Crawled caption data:
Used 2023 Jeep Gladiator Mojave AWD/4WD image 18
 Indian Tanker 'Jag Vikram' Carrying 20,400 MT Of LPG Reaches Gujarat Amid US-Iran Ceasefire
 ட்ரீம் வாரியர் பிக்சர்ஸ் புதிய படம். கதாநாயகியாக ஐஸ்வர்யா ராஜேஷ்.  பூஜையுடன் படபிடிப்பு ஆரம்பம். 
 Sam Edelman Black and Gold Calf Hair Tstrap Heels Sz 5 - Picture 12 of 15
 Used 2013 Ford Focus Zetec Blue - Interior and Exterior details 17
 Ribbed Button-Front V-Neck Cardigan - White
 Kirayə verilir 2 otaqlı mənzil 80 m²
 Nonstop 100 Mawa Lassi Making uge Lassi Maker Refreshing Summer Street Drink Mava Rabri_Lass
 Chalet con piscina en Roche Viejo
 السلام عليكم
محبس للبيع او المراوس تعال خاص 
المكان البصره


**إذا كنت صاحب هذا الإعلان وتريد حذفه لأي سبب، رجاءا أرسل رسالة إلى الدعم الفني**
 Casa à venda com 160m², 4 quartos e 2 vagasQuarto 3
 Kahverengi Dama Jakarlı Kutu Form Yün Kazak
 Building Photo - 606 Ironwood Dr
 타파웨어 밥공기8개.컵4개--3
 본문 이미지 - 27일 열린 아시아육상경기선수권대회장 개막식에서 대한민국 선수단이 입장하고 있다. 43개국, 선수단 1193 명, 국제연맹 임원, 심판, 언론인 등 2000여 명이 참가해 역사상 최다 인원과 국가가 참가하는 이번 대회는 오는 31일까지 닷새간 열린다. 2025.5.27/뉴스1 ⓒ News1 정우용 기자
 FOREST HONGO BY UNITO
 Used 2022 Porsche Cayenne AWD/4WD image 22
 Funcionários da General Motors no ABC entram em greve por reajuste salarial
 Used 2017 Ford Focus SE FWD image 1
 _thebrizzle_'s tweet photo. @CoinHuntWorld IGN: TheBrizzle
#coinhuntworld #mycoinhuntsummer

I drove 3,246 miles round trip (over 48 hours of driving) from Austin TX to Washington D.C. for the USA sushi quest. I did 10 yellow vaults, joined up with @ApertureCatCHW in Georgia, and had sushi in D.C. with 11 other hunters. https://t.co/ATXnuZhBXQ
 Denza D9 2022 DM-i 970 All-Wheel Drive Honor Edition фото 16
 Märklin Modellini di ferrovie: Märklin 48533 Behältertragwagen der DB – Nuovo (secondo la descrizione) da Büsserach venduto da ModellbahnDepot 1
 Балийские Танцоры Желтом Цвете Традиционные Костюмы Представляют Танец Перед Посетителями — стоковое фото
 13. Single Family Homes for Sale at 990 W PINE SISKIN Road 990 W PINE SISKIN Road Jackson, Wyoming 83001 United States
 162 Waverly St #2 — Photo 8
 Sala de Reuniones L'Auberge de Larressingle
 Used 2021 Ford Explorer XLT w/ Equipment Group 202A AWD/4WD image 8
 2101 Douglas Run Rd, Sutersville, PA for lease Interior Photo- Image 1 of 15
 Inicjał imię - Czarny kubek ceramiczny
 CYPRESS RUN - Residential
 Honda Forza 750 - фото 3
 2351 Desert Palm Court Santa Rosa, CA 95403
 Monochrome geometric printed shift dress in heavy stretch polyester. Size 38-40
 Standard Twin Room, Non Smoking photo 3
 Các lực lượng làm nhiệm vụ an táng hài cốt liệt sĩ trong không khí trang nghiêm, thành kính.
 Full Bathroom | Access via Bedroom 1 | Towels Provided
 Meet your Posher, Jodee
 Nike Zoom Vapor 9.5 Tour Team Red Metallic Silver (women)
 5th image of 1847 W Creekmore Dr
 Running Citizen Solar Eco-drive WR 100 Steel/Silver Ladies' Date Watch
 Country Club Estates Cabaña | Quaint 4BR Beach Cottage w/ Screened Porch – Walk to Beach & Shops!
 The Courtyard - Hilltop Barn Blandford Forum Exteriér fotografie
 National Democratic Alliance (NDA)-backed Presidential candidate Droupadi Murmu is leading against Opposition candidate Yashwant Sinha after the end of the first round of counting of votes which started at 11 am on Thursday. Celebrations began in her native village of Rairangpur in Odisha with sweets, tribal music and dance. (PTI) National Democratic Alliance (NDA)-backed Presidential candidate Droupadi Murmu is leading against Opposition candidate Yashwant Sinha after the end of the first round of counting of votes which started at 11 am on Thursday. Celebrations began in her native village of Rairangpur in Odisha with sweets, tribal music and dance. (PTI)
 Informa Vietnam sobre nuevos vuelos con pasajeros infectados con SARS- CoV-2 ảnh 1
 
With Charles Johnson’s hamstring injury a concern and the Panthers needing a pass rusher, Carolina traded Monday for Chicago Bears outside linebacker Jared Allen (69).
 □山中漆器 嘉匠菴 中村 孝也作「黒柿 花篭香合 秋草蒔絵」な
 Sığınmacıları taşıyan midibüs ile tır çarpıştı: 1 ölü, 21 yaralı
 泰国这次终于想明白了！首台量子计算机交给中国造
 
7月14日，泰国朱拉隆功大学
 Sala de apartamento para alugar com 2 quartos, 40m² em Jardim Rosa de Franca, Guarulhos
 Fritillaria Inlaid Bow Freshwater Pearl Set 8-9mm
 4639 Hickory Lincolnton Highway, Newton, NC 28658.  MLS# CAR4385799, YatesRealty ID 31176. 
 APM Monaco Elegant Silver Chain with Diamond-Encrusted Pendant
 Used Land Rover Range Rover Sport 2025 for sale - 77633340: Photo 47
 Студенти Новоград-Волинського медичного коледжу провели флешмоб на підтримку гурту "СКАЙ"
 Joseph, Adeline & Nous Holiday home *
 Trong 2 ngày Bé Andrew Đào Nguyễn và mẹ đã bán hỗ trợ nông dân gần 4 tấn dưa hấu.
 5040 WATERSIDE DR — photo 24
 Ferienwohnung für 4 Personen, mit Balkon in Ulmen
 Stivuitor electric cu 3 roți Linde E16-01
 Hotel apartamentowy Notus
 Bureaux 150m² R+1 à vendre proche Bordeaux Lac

Exercise requirements:
Every line above from the line with "5th image of 1847 W Creekmore Dr" to the line with "The Courtyard - Hilltop", both included, must be reproduced exactly, and no other line may appear.

The completed task:
 5th image of 1847 W Creekmore Dr
 Running Citizen Solar Eco-drive WR 100 Steel/Silver Ladies' Date Watch
 Country Club Estates Cabaña | Quaint 4BR Beach Cottage w/ Screened Porch – Walk to Beach & Shops!
 The Courtyard - Hilltop Barn Blandford Forum Exteriér fotografie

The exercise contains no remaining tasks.